Nous ne devrions jamais autoriser l’agressivité, soit en laissant faire les candidats à la vocifération, soit en tombant dedans.  C’est ainsi qu’on se retrouve dans nos entreprises avec des quidams en plein vague-à-l’âme qui peuvent se transformer en tortionnaires de leurs contemporains, sans même en avoir vraiment conscience. Et bizarrement, cette agressivité qui peut être aussi directe que mielleuse et sournoise, nous semblons parfois la trouver « tolérable » en la confondant avec la l’affirmation de soi, sans doute parce qu’elle a deux composantes :

“à la fois attitude « négative » d’attaque vers autrui (agression hostile), et une attitude « positive » faisant référence à l’affirmation de soi et à la combativité (agression instrumentale)” comme l’explique cet article

« Je veux bien être tolérant, mais il y a des limites » dit Thomas, le bouc-émissaire de la pièce de théâtre Bull* dans laquelle deux collègues s’appliquent dans la mise à mort glaçante d’une victime sur le point d’être licenciée, à coups répétés de vacheries et de méchanceté.

Ce n’est pas de la tolérance que de laisser les autres, quelle que soit leur position hiérarchique d’ailleurs, nous infliger propos dévalorisants ou désobligeants, hargne et brutalité . C’est ouvrir la porte à la mesquinerie, la bêtise, la bassesse, aux instincts de survie inélégants dont l’être humain est parfois capable, lorsque les circonstances favorisent ce type de comportement. Car laisser faire revient à autoriser l’autre à nous considérer comme malmenable. Et il/elle ne va pas se gêner.
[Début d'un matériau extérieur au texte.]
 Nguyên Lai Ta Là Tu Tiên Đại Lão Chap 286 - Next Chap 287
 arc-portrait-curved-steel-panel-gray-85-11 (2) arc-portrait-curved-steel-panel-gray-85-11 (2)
Elegance relationnelle : Adopter une posture sans peur et sans reproche face à l'agressivité en restant calme

 

L’élégance relationnelle face à l’agressivité

Mais alors comment s’y prendre ? Avec calme et dignité, avec noblesse et magnanimité. En développant une approche résolument Sans peur et sans reproche pour baisser les armes avant de se retrouver dans les tranchées et signer des armistices plus bénéfiques que celui de 1918.

Nous venons de le voir, le but de n’est bien entendu pas de devenir complaisant et de se mettre en retrait pour laisser glapir tous les roquets de boulot. Ca manquerait de panache d’une part et ça ne ferait pas progresser l’entente cordiale. L’idée c’est de cultiver un état d’esprit chevaleresque, qui laisse à l’autre sa part de (plus ou moins) bonnes raisons de mal s’y prendre, et ce pour deux raisons :
– C’est bon pour la relation d’éviter l’escalade en conflit lorsqu’il n’est ni utile ni nécessaire.
 – C’est plus agréable de préserver la relation que de nourrir le ressentiment.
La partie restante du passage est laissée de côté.